El
dirigente nacionalista escocés, Alex Salmond, tiene poderosas razones para
seguir confundiendo a los ciudadanos al negar la certeza de que la
independencia de Escocia, como la de cualquier región de un Estado que forma
parte de la UE, implicaría una renegociación a partir de cero.
Desde
que esta cuestión fue debidamente clarificada por los más altos representantes
de la Comisión Europea, la proporción de partidarios de una ruptura con el
Reino Unido se ha reducido un tercio y ahora mismo representa una minoría.
No
se trata solamente de una discusión de Derecho Internacional, sino de un
movimiento que contradice la esencia del proyecto europeo. El nacionalismo
separador es contraproducente para la dinámica de solidaridad y armonización
que representa la UE, y eso se produce tanto cuando se defiende una ruptura
como la de Escocia respecto al Reino Unido como cuando lo hace el propio Reino
Unido respecto a la UE: en este planeta globalizado, los que creen que solos y
separados de sus vecinos pueden resolver mejor sus problemas se equivocan.
Los
Estados europeos son el resultado de la suma de la voluntad de generaciones
sucesivas que con sus vidas y sacrificios les han dado la forma que tienen hoy.

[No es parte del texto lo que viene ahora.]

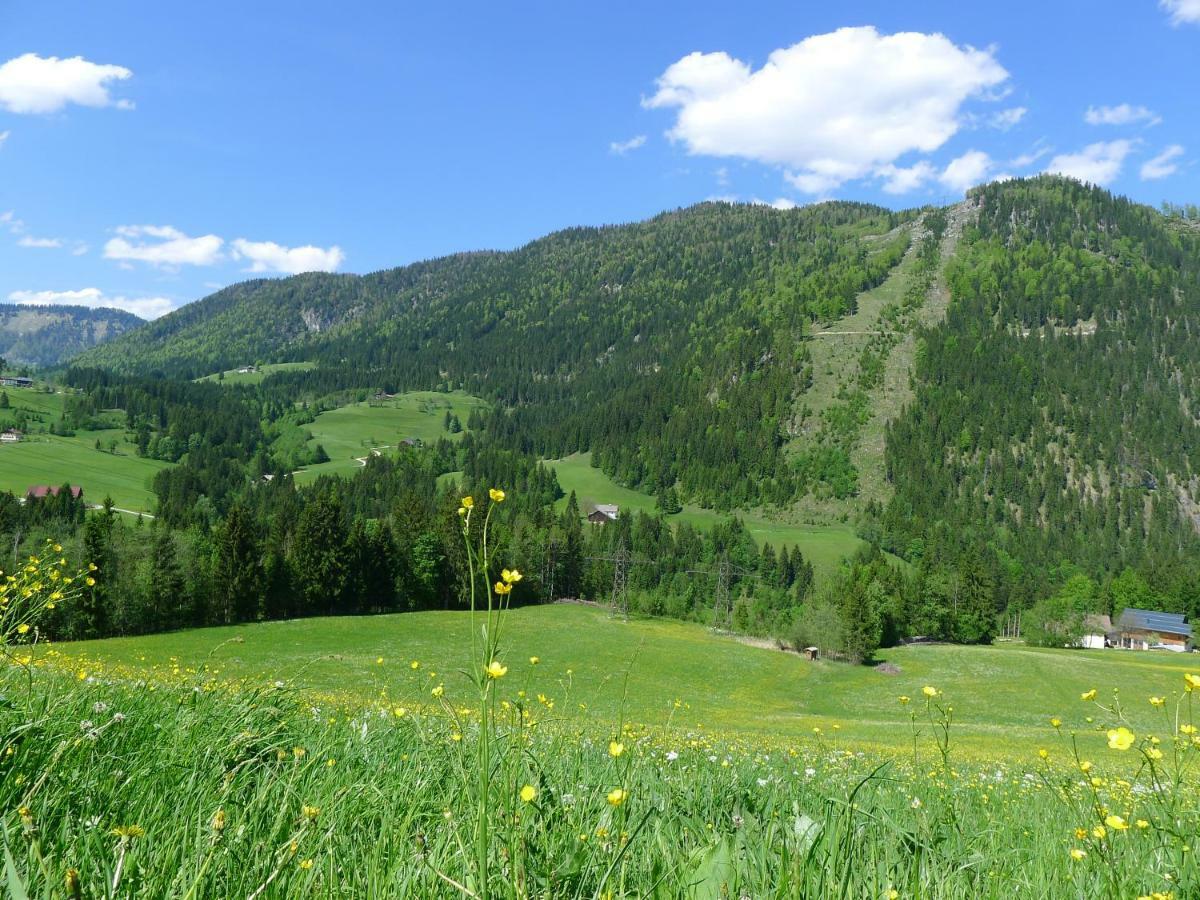 Alpenhaus Dachstein.Zauber Daire Abtenau Dış mekan fotoğraf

Que los nacionalistas imaginen que se puede anular con una simple consulta
instantánea los fundamentos de un país forjado a lo largo de los siglos
resulta, como poco, una pedantería. En lo único que tiene razón Salmond es que
él ganó una mayoría absoluta histórica cuando prometió esta consulta. Otros que
quisieron hacer lo mismo -como Artur Mas en Cataluña, planteando un futuro
europeo repleto de mentiras- fueron castigados claramente por las urnas, pese a
lo cual siguen empeñados en el mismo camino insensato.